The apprehensions of Isaac, however, were not ill founded; and the generous and grateful benevolence of his daughter exposed her, on her return to Ashby, to the unhallowed gaze of Brian de Bois-Guilbert. The Templar twice passed and repassed them on the road, fixing his bold and ardent look on the beautiful Jewess; and we have already seen the consequences of the admiration which her charms excited, when accident threw her into the power of that unprincipled voluptuary.

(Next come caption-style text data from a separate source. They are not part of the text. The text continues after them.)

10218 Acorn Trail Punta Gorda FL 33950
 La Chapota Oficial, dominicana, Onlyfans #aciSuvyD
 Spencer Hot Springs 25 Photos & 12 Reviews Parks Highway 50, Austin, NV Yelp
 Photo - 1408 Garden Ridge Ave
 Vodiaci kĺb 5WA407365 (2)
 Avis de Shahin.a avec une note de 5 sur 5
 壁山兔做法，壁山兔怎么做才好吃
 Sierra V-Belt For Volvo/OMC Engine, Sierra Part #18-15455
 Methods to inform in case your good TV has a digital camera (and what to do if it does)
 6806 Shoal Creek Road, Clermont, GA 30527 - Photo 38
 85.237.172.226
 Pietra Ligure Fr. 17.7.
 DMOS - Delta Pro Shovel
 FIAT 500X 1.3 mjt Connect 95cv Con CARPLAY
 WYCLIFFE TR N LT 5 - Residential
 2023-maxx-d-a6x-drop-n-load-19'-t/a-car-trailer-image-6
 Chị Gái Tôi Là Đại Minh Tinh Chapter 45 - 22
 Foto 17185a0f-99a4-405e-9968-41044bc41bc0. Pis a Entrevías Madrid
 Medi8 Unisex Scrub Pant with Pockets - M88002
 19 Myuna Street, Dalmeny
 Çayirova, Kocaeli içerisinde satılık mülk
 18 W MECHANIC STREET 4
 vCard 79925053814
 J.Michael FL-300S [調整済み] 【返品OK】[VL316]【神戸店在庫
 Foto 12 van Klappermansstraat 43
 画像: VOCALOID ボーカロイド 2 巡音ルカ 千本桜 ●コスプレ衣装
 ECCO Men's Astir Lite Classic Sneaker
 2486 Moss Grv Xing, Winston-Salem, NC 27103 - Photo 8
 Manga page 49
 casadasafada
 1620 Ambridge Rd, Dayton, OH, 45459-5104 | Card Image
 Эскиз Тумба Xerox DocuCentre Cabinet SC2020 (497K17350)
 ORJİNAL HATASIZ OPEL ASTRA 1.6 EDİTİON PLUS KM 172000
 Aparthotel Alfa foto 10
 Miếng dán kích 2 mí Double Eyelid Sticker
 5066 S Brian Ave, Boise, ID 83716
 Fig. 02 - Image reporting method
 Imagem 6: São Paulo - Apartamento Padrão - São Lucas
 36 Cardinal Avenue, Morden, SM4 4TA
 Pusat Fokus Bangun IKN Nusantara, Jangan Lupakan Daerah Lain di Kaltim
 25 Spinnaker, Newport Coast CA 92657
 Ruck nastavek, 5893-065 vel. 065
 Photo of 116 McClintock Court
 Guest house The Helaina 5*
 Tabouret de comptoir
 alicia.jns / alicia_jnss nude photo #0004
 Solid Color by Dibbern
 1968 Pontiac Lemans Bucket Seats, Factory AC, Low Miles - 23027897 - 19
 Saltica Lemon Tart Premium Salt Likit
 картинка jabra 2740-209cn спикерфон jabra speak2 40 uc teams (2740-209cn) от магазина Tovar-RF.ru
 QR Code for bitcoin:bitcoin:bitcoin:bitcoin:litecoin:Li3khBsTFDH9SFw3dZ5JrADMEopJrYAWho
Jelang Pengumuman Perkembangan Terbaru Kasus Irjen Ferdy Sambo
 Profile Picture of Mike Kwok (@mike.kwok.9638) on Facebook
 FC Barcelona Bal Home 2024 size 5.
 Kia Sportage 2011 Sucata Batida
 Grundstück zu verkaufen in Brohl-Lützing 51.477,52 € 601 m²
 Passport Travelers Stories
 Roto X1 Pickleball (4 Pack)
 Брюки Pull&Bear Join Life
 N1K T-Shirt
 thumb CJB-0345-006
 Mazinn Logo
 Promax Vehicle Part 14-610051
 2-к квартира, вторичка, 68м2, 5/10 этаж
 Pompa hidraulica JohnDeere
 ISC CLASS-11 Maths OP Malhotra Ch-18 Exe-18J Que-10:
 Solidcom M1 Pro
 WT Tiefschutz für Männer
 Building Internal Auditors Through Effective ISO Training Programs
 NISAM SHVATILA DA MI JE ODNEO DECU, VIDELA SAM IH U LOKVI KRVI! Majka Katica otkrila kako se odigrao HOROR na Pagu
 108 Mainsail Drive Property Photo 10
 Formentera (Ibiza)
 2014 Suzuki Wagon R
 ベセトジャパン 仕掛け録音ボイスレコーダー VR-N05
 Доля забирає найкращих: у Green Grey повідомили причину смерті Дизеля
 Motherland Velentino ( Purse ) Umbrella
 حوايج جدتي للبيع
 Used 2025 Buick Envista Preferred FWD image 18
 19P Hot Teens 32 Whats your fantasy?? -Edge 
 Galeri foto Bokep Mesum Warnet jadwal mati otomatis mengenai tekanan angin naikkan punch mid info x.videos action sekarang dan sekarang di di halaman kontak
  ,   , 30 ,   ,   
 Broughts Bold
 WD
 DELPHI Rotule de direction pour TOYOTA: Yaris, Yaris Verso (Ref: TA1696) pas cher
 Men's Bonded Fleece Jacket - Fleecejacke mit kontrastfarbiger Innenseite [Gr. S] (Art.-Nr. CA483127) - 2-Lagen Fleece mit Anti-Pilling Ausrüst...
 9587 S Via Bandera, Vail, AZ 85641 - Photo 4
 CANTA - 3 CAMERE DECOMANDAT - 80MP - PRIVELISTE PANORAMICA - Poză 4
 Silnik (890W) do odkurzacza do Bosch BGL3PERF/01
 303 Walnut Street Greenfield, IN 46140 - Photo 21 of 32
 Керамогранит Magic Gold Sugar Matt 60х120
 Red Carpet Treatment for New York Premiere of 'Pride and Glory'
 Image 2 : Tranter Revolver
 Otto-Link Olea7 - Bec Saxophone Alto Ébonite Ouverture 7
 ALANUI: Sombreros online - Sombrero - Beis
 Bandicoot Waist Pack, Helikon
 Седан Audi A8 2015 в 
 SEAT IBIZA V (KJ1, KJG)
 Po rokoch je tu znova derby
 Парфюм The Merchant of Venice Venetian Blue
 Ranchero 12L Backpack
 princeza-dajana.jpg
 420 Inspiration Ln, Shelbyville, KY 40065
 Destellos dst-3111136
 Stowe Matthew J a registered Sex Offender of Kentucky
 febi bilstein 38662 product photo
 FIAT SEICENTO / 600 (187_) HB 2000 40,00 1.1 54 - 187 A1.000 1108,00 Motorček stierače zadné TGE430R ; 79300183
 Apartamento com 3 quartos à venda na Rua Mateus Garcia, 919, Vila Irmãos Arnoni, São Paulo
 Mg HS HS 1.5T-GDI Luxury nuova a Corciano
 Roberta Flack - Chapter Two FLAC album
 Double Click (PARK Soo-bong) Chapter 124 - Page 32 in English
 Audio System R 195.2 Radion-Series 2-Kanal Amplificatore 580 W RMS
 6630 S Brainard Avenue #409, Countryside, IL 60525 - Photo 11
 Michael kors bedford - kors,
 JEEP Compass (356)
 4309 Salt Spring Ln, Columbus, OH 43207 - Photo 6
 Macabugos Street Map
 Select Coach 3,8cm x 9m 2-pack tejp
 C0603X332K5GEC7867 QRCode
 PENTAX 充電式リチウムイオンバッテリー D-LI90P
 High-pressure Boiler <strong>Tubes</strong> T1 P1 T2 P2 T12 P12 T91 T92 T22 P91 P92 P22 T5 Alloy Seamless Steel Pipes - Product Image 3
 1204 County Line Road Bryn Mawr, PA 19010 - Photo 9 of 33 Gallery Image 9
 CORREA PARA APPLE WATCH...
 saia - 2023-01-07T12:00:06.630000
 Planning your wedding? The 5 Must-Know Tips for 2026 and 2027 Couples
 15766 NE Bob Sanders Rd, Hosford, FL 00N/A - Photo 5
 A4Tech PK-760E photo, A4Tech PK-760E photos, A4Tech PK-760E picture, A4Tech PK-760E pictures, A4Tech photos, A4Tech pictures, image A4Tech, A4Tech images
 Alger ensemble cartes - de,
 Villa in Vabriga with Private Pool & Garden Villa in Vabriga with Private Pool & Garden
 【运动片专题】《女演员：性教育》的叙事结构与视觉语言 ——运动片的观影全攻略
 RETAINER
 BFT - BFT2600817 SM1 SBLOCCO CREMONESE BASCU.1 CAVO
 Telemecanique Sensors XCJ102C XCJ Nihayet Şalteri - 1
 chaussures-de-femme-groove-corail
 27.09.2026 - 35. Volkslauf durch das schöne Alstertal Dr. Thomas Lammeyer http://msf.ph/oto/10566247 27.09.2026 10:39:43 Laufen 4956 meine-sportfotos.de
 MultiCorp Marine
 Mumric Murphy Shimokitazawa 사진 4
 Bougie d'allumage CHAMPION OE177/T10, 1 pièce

Rebecca lost no time in causing the patient to be transported to their temporary dwelling, and proceeded with her own hands to examine and to bind up his wounds. The youngest reader of romances and romantic ballads must recollect how often the females, during the dark ages, as they are called, were initiated into the mysteries of surgery, and how frequently the gallant knight submitted the wounds of his person to her cure whose eyes had yet more deeply penetrated his heart.
But the Jews, both male and female, possessed and practised the medical science in all its branches, and the monarchs and powerful barons of the time frequently committed themselves to the charge of some experienced sage among this despised people when wounded or in sickness. The aid of the Jewish physicians was not the less eagerly sought after, though a general belief prevailed among the Christians that the Jewish rabbins were deeply acquainted with the occult sciences, and particularly with the cabalistical art, which had its name and origin in the studies of the sages of Israel. Neither did the rabbins disown such acquaintance with supernatural arts, which added nothing—for what could add aught?—to the hatred with which their nation was regarded, while it diminished the contempt with which that malevolence was mingled. A Jewish magician might be the subject of equal abhorrence with a Jewish usurer, but he could not be equally despised. It is, besides, probable, considering the wonderful cures they are said to have performed, that the Jews possessed some secrets of the healing art peculiar to themselves, and which, with the exclusive spirit arising out of their condition, they took great care to conceal from the Christians amongst whom they dwelt.